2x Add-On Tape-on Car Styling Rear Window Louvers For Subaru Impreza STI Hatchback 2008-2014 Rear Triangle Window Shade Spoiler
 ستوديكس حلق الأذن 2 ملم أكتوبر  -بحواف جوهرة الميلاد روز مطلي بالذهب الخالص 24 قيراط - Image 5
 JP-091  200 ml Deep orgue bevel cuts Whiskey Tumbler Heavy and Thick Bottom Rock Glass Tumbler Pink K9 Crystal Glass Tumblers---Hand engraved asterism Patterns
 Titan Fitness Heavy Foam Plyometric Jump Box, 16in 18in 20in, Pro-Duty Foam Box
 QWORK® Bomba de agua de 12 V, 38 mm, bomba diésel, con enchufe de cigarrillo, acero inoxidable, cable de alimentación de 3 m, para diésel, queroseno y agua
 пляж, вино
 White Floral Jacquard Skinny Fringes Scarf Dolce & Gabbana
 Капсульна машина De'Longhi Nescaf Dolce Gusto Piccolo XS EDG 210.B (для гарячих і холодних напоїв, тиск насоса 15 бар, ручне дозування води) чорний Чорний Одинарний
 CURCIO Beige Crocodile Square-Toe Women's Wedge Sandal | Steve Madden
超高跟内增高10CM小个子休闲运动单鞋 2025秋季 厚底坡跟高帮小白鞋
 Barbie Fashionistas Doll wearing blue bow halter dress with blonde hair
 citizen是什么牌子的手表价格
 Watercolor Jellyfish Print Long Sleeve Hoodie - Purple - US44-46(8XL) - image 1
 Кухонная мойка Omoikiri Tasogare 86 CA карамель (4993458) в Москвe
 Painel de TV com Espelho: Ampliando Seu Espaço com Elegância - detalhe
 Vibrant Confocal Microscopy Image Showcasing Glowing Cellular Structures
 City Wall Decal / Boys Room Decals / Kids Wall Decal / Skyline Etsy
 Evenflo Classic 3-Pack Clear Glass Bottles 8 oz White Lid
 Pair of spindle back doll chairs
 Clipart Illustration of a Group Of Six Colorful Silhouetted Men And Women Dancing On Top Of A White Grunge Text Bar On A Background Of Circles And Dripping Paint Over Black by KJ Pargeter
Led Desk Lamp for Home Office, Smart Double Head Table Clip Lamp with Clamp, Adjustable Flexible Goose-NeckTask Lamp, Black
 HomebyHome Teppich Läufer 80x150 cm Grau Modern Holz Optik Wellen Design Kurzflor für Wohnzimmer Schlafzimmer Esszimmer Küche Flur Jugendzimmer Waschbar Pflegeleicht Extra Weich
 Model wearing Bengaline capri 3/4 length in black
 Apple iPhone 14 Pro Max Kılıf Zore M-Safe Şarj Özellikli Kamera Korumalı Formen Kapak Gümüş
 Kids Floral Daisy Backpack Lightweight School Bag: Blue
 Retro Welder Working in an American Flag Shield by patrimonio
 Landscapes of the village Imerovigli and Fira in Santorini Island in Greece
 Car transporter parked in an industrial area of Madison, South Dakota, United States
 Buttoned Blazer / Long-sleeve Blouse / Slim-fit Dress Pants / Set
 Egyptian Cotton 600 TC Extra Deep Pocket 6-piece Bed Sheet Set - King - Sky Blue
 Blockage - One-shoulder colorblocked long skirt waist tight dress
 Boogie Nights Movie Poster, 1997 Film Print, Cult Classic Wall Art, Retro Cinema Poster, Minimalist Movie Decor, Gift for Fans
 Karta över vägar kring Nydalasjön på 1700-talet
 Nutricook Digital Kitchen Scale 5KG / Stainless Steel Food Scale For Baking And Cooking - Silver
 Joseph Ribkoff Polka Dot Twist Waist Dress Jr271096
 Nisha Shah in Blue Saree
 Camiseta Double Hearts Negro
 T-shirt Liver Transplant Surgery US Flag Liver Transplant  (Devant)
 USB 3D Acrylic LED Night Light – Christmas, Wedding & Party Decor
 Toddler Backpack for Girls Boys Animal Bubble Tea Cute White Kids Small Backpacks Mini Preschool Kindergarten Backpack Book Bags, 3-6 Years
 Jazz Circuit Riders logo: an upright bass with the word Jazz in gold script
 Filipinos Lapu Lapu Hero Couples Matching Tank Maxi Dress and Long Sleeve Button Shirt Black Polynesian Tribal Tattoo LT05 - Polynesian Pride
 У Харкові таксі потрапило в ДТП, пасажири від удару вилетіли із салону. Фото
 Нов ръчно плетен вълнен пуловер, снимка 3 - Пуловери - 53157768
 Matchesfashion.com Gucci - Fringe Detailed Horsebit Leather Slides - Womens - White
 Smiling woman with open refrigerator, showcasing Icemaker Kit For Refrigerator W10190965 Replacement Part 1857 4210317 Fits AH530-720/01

__EXERCISE__. Would you filter the entries above and keep each line that has the word "wearing"?

__RESULT OF THE EXERCISE__.
 Barbie Fashionistas Doll wearing blue bow halter dress with blonde hair
 Model wearing Bengaline capri 3/4 length in black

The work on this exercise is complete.